La disputa interminable
Una noche no había forma de entenderse y yo estaba agotado. Decidí decir lo que hiciera falta para apaciguar la situación, y asumir toda la responsabilidad para poder acostarme pronto, ya reconciliado con mi mujer. Evidentemente, era algo cobarde e hipócrita. Tras tomar esta decisión, cada palabra que dije tuvo exactamente el efecto contrario al que yo pretendía.
Fue catastrófico, me sentí completamente perdido, no sabía qué hacer.
No sé por qué entonces hice aquello, pero cerré los ojos e interiormente lancé un grito de desesperación: “¡Te lo suplico, Señor, ayúdame, no sé qué hacer!” Todas las palabras que salieron de mi boca al instante calmaron inmediatamente la situación.
¡Fue increíble!
Me sentí completamente transformado, y comprendí. ¡Así que es verdad! ¡Dios existe! ¡Realmente está ahí!
Dios espera algo de mí
No pudiendo ignorar lo que acababa de pasar, a partir de ese día acudí todos los domingos a misa con una gran alegría interior. Escuchaba todo con mucha atención. Pese a todo, yo era solo un católico de una hora el domingo por la mañana, y el resto de la semana me dedicaba a mis cosas.
Sin embargo, había comprendido aquella noche que Dios esperaba algo más de mí. Pero… ¿qué?
Hablé de ello con nuestro párroco y me respondió: “Solo Dios sabe y puede decirte lo que espera de ti”. Luego nos propuso acudir a una formación en pareja a lo largo de un año.
Durante un fin de semana de retiro, aprendimos muchas cosas sobre la oración, el pecado (que no es una fatalidad), la adoración eucarística, el Espíritu Santo, el lugar que Cristo debe ocupar en el centro de nuestra vida… Al finalizar el fin de semana me dije a mí mismo: “¡Venga!

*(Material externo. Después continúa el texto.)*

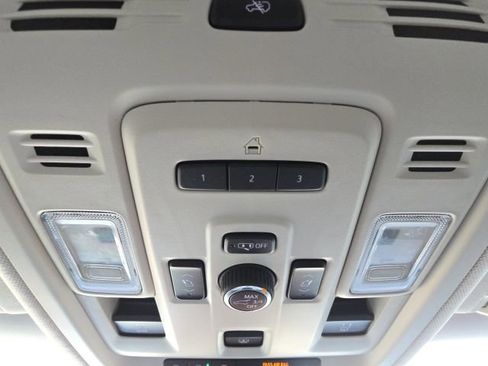 Used 2021 GMC Yukon Denali w/ Denali Premium Package image 48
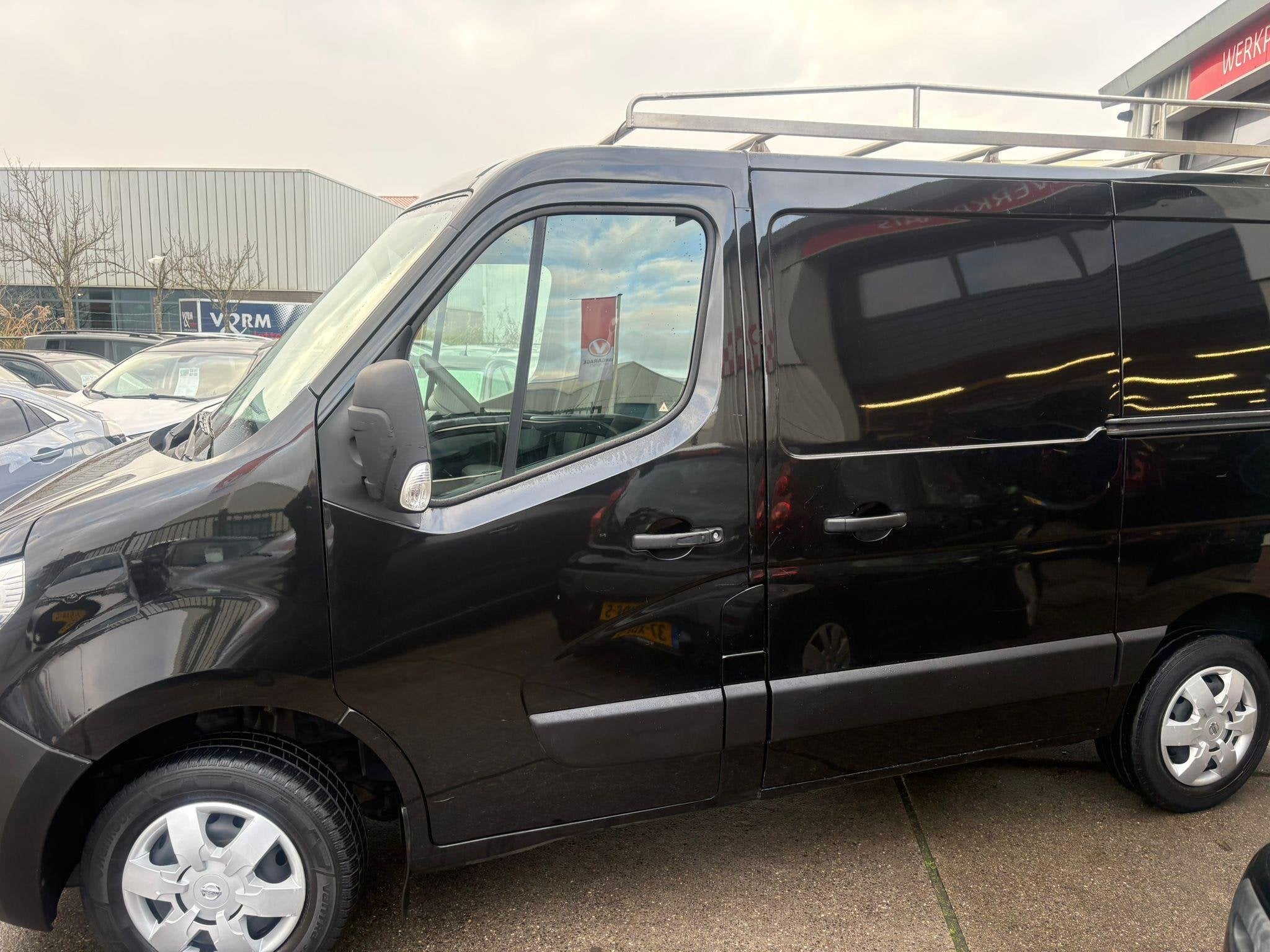 Nissan NV400 2.3 dCi L1H1 Business Airco, cruise, trekhaak,, Auto's, Stof, Gebruikt, Euro 6, 4 cilinders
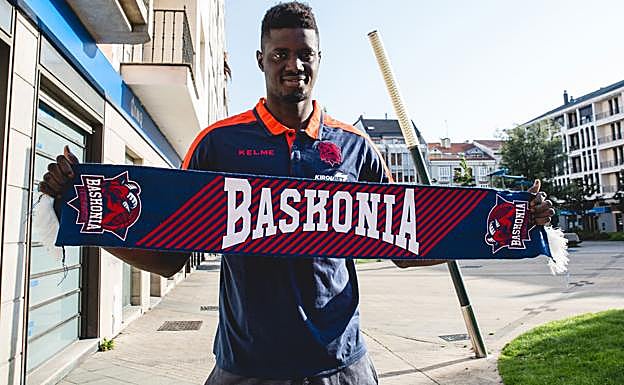 Youssoupha Fall, durante su visita a Vitoria tras firmar este verano su contrato con el Baskonia.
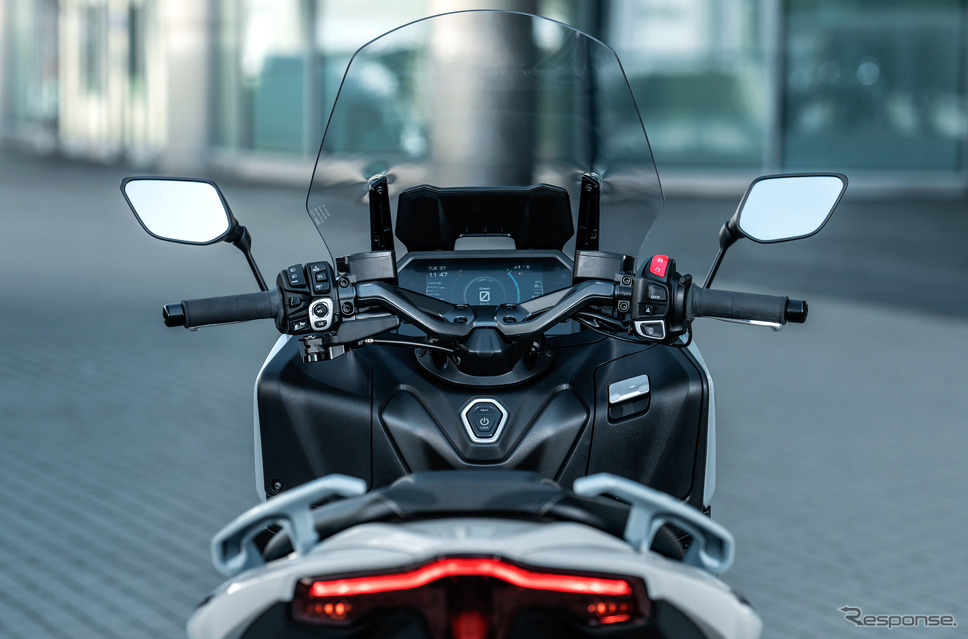 ヤマハ TMAX / TMAX TechMAX《photo by Yamaha Motor》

Pon en práctica lo que has escuchado durante estos dos días. De todas formas, no tienes nada que perder”.
Eso me condujo sobre todo a pasar un tiempo con Dios cada día. Y así fue como mi vida empezó a transformarse.
Me abrí a Dios, me dispuse a escucharle y le dije: “Hágase tu voluntad, Dios mío”. Como dijo Juan Pablo II en la Jornada Mundial de la Juventud del año 2000 en Roma, citando a Santa Catalina de Siena: “¡Si sois lo que tenéis que ser, prenderéis fuego al mundo entero!”.
Hoy sé que solo Dios puede hacer que seamos lo que tenemos que ser: transmisores de su amor y de su palabra a todos los que nos rodean. Ese tesoro es demasiado grande para mí, me desborda, lo desborda todo. ¡Necesito compartirlo y anunciarlo!